Bir Kitap: Onları Ben Öldürdüm / Suat Derviş

Yazan: Arzu Ortaören -BİR KİTAP: ONLARI BEN ÖLDÜRDÜM / SUAT DERVİŞ

Bir Kitap: Onları Ben Öldürdüm / Suat Derviş

BİR KİTAP: ONLARI BEN ÖLDÜRDÜM / SUAT DERVİŞ

“O, ortadan kalkmalıydı. Çünkü o dünyada oldukça benim için her dakika bir tehlikeydi. Cinayetimi yalnız o biliyordu. Anlıyor musunuz? Onun varlığı benim hayatım için zararlıydı.”
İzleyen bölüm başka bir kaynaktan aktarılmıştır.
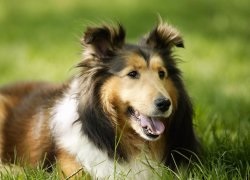 Prezentare generală a câinilor Shetland Sheepdog (Shetland Sheepdog) standard, conținut și fotografii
1929-1933 yılları arasında kaleme aldığı dört hikaye okuduk sevgili Suat Derviş’in kaleminden bu kez. Karanlık, gizemli, ürküten, gotik tarzda öyküler. Türk Edebiyatında gotik/korku türünün öncüleri olan hikayeleri okurken sevgili Azime ablam, Emine ablam ve Özgün eşlik ettiler bana. Kucak dolusu sevgiler yolluyorum hepsine.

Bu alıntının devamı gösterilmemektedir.